(Input)

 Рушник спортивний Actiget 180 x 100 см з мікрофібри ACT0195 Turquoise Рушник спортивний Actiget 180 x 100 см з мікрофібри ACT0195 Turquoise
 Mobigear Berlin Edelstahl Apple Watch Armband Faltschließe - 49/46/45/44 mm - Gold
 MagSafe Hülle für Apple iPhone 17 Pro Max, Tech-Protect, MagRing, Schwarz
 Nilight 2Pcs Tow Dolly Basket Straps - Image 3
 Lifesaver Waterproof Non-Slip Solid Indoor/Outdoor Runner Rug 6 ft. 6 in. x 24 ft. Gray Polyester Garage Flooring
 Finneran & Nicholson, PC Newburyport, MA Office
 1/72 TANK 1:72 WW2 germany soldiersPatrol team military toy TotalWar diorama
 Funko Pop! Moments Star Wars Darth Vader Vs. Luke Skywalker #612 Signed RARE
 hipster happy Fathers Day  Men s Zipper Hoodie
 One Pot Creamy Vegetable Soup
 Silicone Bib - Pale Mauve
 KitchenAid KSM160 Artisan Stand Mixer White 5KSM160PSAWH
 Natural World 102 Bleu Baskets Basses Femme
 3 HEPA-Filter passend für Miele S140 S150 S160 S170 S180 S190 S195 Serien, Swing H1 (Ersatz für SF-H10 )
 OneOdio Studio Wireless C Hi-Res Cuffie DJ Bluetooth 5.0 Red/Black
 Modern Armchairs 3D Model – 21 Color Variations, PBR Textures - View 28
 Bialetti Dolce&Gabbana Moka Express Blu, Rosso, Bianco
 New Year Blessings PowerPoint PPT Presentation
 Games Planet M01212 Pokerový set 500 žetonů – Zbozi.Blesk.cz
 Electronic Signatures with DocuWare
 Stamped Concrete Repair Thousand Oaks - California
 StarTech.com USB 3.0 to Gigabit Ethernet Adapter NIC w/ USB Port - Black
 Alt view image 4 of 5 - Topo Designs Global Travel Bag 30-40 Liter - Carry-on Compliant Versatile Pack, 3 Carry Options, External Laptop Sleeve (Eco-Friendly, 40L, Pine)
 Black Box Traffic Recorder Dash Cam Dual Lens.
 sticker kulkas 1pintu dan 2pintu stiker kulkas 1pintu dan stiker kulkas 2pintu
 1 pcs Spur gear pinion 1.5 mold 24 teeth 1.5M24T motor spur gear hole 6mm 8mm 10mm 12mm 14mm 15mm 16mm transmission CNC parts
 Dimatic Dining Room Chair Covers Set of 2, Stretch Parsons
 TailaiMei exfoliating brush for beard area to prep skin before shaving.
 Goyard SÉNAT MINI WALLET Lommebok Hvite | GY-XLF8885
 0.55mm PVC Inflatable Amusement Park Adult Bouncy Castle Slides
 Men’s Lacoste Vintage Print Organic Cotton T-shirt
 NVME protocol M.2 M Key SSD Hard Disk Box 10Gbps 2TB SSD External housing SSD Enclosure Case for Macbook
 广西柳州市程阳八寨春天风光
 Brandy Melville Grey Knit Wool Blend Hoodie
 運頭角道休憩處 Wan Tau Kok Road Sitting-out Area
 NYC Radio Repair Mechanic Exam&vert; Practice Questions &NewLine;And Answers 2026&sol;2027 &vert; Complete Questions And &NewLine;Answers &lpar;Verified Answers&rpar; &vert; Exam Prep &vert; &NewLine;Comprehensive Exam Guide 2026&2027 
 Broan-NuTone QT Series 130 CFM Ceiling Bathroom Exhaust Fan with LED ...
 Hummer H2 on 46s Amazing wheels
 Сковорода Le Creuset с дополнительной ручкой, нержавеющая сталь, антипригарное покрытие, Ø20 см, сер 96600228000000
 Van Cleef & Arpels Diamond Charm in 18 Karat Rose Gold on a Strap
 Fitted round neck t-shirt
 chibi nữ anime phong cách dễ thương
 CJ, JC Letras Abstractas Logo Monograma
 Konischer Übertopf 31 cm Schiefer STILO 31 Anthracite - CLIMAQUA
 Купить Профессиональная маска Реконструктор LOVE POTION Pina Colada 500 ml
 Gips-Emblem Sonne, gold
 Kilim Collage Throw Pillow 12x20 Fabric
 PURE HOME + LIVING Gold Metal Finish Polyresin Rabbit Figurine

(End Input)

**Task brief:** Search the entries for the word "Repair" and pick out every line that holds it.

**Task solution:**
 Stamped Concrete Repair Thousand Oaks - California
 NYC Radio Repair Mechanic Exam&vert; Practice Questions &NewLine;And Answers 2026&sol;2027 &vert; Complete Questions And &NewLine;Answers &lpar;Verified Answers&rpar; &vert; Exam Prep &vert; &NewLine;Comprehensive Exam Guide 2026&2027 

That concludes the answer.